Le format XML/TEI a été choisi comme format pivot, permettant notamment le passage d'une transcription diplomatique à une transcription normalisée. La TEI (Text Encoding Initiative), un format XML de description de textes, outil issu d’une communauté académique internationale dans le domaine des humanités numériques, permet cette malléabilité du texte puisqu’elle conduit à une transcription formalisée unique (diplomatique, normalisée et enrichie), elle conserve des unités « texte », fragmente et recompose le corpus en unités-cibles, en acceptant des requêtes complexes et l’export d’un corpus. C’est cet outil-pivot qui rend possible la création d’un second volume à partir du site.

Mode d'emploi ou Comment créer un second volume modifier

  1. Choisir un plan de lecture (existant, modifié, inédit) soit détermination de la structure de l’édition
  2. Matrice de sélection des citations ou création du corpus
  3. Module de lecture et reclassement des agencements soit l’insertion du corpus dans la structure établie
  4. Préciser la place des citations au cas par cas, ajout d’éventuelles citations…
  5. Export du « second volume » en format PDF ou XML.

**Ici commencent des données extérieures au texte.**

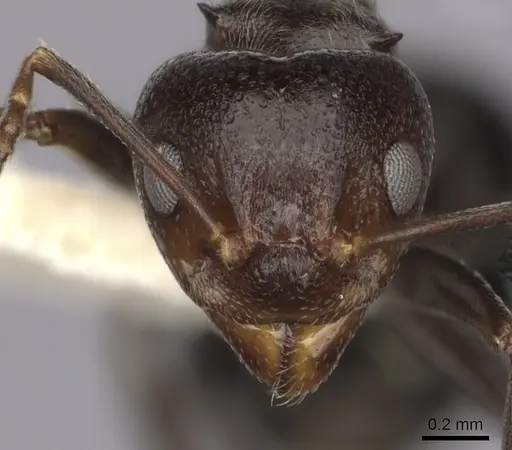 Dolichoderus debilis - CASENT0249657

Réflexions et Innovations sur un Site collaboratif modifier

Modèle du kaléidoscope modifier

Cette interface se construit sur le modèle du kaléidoscope, un qualificatif imagé qui permet de se représenter la structure de l’interface. Proposant déjà plusieurs reconstitutions du volume flaubertien manquant, ce projet permet à chaque visiteur du site de produire sa propre reconstitution d’une œuvre inachevée et inachevable. Point crucial et original du site, ayant sans aucun doute complexifié la tâche de l’équipe technique, il s’agit là de répondre à une rigueur scientifique typique de l’esprit « humanité numérique » : le site montre en effet de quelle manière l’encodage de l’édition numérique peut être exploité pour le fonctionnement d’une interface de création unique et dynamique. De même que l’édition numérique procède d’une suite d’édition papier, l’édition personnelle de l’internaute peut procéder des éditions numériques déjà existantes. Cette version finale pourra être soumise selon la volonté de l’internaute et pourra être reconstituée et exportée au format XML ou PDF. Le principe du projet est la diversité des compositions conjecturales, la logique unique de chaque structuration de fragments et non l'exhaustivité d'une seule reconstitution.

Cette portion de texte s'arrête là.